[Task description] All records, minus the pictures: write them out exactly.

----------------------------------------

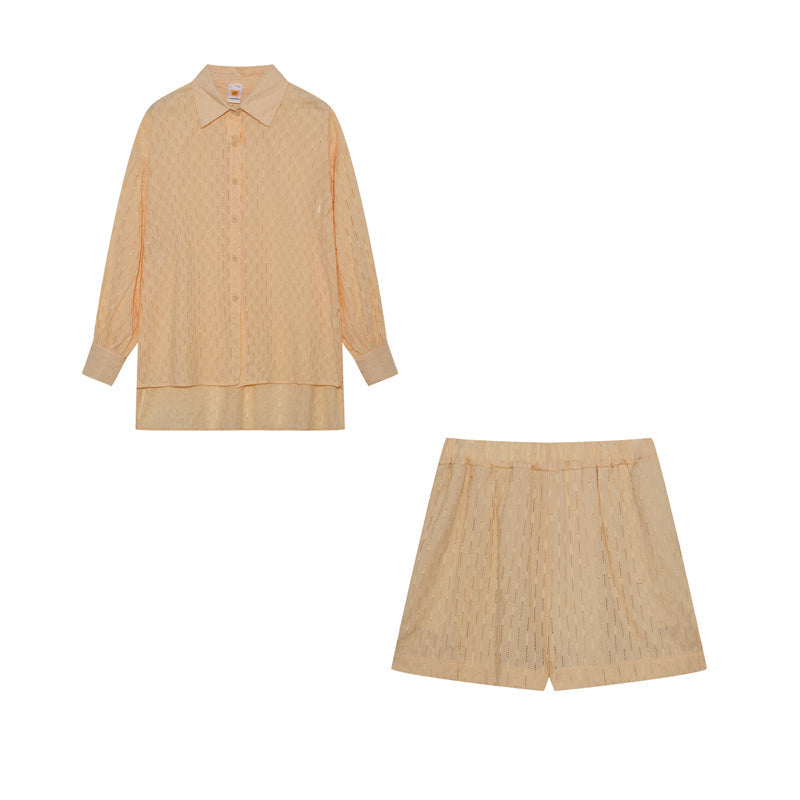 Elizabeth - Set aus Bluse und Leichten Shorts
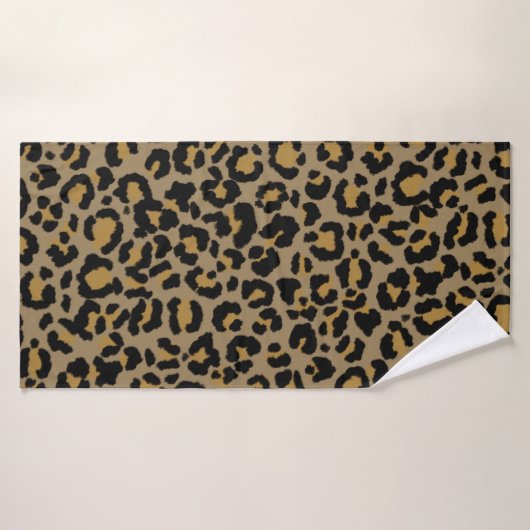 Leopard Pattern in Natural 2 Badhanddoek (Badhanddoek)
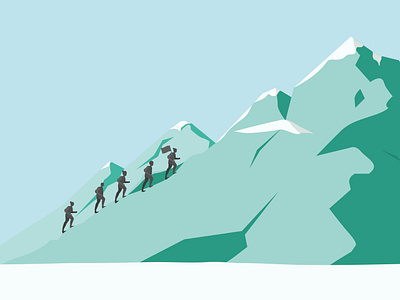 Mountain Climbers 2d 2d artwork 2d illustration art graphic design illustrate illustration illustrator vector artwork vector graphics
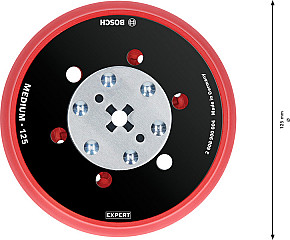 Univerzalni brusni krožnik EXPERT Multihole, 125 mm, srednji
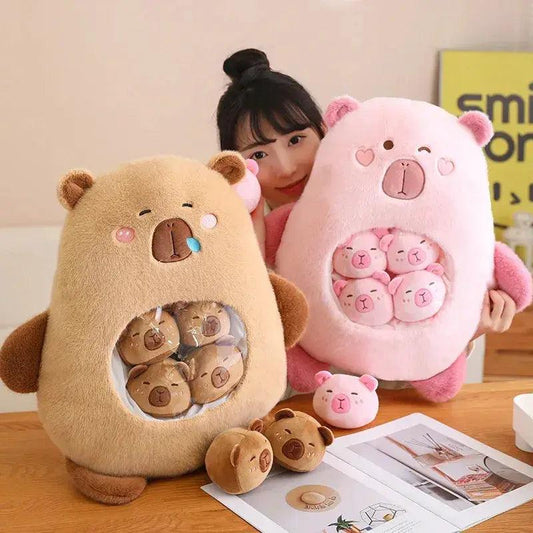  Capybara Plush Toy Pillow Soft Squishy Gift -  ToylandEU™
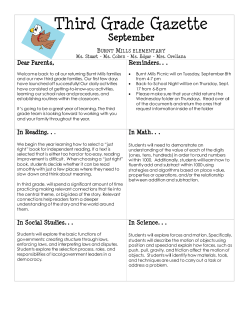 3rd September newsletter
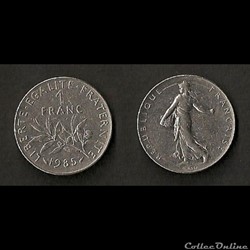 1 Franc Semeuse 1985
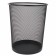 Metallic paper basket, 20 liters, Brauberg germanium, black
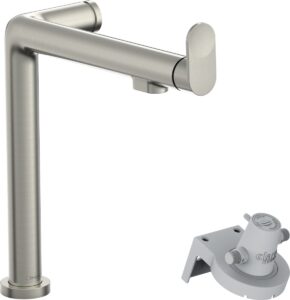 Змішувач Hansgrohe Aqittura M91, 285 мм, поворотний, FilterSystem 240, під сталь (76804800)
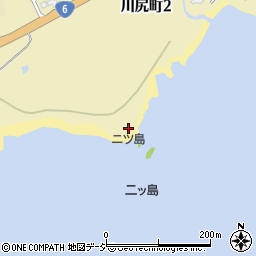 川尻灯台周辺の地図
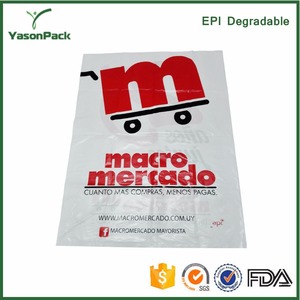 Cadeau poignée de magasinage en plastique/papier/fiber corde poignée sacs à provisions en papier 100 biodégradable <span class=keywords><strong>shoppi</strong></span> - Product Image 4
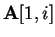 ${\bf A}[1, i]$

----------------------------------------

[Your solution]
 Elizabeth - Set aus Bluse und Leichten Shorts
 Leopard Pattern in Natural 2 Badhanddoek (Badhanddoek)
 Mountain Climbers 2d 2d artwork 2d illustration art graphic design illustrate illustration illustrator vector artwork vector graphics
 Univerzalni brusni krožnik EXPERT Multihole, 125 mm, srednji
  Capybara Plush Toy Pillow Soft Squishy Gift -  ToylandEU™
 3rd September newsletter
 1 Franc Semeuse 1985
 Metallic paper basket, 20 liters, Brauberg germanium, black
 Змішувач Hansgrohe Aqittura M91, 285 мм, поворотний, FilterSystem 240, під сталь (76804800)
 川尻灯台周辺の地図
 Cadeau poignée de magasinage en plastique/papier/fiber corde poignée sacs à provisions en papier 100 biodégradable <span class=keywords><strong>shoppi</strong></span> - Product Image 4
 ${\bf A}[1, i]$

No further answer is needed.